Evaluation of the error term in Stirling's formula for factorial

Pull request #33 on the StatsFuns package provides a link to Catherine Loader’s note on evaluating the binomial and Poisson probability mass function. One central part to this is evaluating the error in Stirling’s approximation to the log-factorial function. The version used is odd powers of 1/n with coefficients that are inverses of integers. It starts as

\frac{1}{12n} -\frac{1}{320n^3}+\frac{1}{1260n^5}-\frac{1}{1680n^7}+\dots

Are there clever ways of evaluating such a polynomial so that, e.g., switching to BigInt would be transparent? The code used by Catherine Loader and translated more-or-less literally in the PR memoizes the values for 1 to 15 (where the error is greatest) then switches to Horner evaluation of polynomials with explicitly evaluated Float64 coefficients. I think it would be better to retain the integer representation of the inverse of the coefficients.

A bit more detail on the Stirling approximation. log(factorial(n)) is approximated as n * log(n) -n + log(2π*n)/2 For example

julia> n = big(35)

julia> log(factorial(n))

julia> n * log(n) - n + log(2π*n)/2

julia> n * log(n) - n + log(2π*n)/2 + inv(12n)

julia> n * log(n) - n + log(2π*n)/2 + inv(12n) - inv(320*n^3)

Why not just use the lgamma function for the log of the factorial, since this already supports BigFloat with arbitrary precision?

You have to be careful with Stirling at arbitrary precision since it is an asymptotic series (i.e. the more precision you want, the bigger n needs to be).

As I was writing this I too was beginning to think that lgamma may be a better approach. Loader argues against it for the evaluation of the binomial pdf because of cancellation. I think it would be worthwhile checking out exactly how well it does relative to the simpler formula using lgamma.

This is true. If we define logp(x,n,p) = lgamma(n+1) - lgamma(x+1) - lgamma(n-x+1) + x*log(p) + (n-x)*log1p(-p), then logp(1e6, 2e6, 0.5) gives -7.4801203440874815, whereas the correct (exactly rounded) answer is -7.480120346906837, so in Float64 precision you get 9 correct digits. (She claims that 7 digits are lost in this example, which is maybe too pessimistic by 1 digit.)

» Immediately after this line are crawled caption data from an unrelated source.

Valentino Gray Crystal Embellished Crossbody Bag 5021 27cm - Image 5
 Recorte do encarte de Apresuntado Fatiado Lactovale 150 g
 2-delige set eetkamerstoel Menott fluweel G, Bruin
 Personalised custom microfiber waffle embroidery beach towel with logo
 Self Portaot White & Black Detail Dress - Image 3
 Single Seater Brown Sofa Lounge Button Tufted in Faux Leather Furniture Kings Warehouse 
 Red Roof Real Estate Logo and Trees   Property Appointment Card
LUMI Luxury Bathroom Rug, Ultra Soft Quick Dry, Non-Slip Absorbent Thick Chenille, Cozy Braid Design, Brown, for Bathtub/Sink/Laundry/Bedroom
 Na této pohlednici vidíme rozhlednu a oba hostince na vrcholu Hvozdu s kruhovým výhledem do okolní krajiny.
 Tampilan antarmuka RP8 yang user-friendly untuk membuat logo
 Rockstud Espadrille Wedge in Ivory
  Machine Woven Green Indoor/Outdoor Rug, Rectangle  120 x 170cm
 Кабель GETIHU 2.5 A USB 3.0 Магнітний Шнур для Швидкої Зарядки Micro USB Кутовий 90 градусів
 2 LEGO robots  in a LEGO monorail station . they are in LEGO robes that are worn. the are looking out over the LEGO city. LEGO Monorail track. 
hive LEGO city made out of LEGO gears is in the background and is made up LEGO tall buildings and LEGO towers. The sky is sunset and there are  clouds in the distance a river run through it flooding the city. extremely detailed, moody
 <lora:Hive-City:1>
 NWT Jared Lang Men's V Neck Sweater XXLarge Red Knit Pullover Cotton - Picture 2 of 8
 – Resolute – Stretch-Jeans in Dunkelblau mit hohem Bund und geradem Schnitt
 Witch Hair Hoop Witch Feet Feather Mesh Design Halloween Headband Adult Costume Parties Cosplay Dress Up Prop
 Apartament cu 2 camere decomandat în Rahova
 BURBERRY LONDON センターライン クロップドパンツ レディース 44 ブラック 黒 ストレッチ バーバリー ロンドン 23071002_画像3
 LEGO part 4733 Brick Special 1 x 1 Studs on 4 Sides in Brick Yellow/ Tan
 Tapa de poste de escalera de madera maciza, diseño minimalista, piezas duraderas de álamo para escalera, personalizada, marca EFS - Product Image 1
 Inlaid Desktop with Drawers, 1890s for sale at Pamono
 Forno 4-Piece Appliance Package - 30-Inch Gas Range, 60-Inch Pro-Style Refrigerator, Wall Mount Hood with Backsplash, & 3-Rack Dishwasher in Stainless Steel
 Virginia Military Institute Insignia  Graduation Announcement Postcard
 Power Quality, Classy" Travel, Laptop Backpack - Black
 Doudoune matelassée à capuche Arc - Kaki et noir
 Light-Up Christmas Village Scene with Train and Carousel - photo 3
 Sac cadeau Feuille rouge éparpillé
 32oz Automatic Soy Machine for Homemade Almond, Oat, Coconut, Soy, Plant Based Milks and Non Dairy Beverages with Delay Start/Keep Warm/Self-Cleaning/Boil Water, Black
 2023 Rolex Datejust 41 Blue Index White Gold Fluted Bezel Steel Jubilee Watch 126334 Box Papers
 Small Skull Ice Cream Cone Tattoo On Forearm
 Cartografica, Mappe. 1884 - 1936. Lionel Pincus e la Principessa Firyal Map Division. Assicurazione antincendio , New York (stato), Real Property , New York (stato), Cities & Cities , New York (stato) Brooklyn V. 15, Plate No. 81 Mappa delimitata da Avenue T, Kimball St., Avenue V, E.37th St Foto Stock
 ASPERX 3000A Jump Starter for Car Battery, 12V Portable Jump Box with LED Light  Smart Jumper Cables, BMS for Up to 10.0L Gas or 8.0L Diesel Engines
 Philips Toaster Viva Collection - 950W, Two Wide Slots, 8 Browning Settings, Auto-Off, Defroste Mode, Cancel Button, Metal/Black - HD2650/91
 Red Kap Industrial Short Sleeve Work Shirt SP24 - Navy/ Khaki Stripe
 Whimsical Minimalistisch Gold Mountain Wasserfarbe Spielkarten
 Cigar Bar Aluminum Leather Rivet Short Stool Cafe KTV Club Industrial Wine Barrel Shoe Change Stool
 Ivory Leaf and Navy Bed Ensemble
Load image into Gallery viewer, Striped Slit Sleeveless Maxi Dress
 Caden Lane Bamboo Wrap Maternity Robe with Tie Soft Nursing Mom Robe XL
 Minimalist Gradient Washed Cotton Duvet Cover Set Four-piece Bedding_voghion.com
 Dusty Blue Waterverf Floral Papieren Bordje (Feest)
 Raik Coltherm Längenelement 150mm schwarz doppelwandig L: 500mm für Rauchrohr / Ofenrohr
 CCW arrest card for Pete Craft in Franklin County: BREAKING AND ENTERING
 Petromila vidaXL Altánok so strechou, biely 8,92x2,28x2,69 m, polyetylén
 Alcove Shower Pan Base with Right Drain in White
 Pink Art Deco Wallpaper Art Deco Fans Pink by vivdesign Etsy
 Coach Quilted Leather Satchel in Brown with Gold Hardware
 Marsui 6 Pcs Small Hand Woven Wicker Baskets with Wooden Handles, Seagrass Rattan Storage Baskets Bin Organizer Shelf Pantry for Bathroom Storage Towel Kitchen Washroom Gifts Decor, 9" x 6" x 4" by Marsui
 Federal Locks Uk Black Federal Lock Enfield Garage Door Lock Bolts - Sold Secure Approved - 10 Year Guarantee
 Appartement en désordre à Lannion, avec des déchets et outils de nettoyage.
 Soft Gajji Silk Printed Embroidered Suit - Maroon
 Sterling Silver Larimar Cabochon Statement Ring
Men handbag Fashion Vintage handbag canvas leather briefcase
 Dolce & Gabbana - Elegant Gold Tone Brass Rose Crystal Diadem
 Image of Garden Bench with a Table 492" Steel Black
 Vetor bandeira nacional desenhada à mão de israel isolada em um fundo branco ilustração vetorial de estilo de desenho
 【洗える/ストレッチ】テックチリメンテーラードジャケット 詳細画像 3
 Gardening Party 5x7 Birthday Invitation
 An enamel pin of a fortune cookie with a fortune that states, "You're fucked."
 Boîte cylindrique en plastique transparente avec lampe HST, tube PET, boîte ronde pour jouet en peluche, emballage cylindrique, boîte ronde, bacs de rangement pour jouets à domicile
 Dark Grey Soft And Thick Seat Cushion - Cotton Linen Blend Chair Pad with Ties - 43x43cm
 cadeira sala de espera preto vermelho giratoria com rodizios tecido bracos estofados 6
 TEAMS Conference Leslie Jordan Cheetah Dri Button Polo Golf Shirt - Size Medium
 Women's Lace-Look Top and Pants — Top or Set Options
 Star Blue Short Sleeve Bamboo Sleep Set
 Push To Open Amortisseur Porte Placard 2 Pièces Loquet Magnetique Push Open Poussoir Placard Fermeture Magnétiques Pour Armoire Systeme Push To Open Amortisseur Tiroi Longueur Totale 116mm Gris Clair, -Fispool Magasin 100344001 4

However, if you are using BigFloat anyway, then you can just throw more digits at it. This seems a lot easier than working out your own arbitrary-precision routine.

I should also mention that the combination of lgamma calls here is closely related to the lbeta function. Currently, lbeta in Base is computed via the combination of lgamma calls, but it might be nice to have a more sophisticated implementation (especially for Float64) that uses an asymptotic formula for large arguments.